Der gestrandete Buckelwal vor der Ostseeinsel Poel hält die Öffentlichkeit in Atem. Seit über zwei Wochen liegt der etwa zwölf Meter lange Meeressäuger in bauchtiefem Wasser fest, und die Frage seiner Rettbarkeit spaltet die Experten. In einer Pressekonferenz im Hafen von Kirchdorf äußerten sich die Retter optimistisch. Tierärztin Janine Bahr von Gemmert, erfahren im Umgang mit Meerestieren, erklärte, der Wal habe eine „reelle Chance“, aus dieser misslichen Lage befreit zu werden. Das Ziel sei, ihn ohne zusätzlichen Stress zu bergen. Diese Stellungnahme weckt neue Hoffnung nach Wochen der Ungewissheit.

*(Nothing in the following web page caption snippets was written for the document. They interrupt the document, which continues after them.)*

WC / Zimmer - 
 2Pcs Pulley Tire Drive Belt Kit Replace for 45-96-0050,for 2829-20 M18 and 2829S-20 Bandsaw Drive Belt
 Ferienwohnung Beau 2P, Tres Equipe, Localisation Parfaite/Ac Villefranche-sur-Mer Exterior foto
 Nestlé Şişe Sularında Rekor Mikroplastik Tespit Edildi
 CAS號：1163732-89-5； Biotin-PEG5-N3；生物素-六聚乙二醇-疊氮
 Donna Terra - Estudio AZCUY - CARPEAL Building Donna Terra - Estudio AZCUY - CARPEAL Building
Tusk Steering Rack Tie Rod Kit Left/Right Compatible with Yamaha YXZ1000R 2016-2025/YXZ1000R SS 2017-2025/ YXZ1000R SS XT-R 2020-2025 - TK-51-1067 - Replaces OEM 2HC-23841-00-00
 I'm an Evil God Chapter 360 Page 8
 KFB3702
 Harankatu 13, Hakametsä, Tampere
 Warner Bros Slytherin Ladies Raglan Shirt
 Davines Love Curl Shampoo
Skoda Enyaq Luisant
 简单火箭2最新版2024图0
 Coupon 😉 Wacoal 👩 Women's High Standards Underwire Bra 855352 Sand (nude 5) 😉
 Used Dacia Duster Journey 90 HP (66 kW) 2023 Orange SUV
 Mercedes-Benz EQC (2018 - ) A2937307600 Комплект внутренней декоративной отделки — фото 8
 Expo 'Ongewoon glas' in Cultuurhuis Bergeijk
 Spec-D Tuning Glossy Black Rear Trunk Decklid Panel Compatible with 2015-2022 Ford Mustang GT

Die Geschichte des Buckelwals in der Ostsee begann Anfang März, mit wiederholten Strandungen – insgesamt bereits viermal. Eine Selbstbefreiung wird von Fachleuten als unwahrscheinlich eingestuft. Nachdem Anfang April eine Kommission die Rettungsversuche einstellen wollte, da ein Transport in die Nordsee für das geschwächte Tier als untragbar galt, gab Umweltminister Till Backhaus überraschend grünes Licht für einen erneuten Versuch. Der Plan: Zunächst soll der Meeresboden unter dem Wal weggespült werden. Anschließend soll der zwölf Tonnen schwere Koloss auf einer Plane zwischen zwei Pontons platziert und von einem Schlepper in Richtung offenes Meer gezogen werden.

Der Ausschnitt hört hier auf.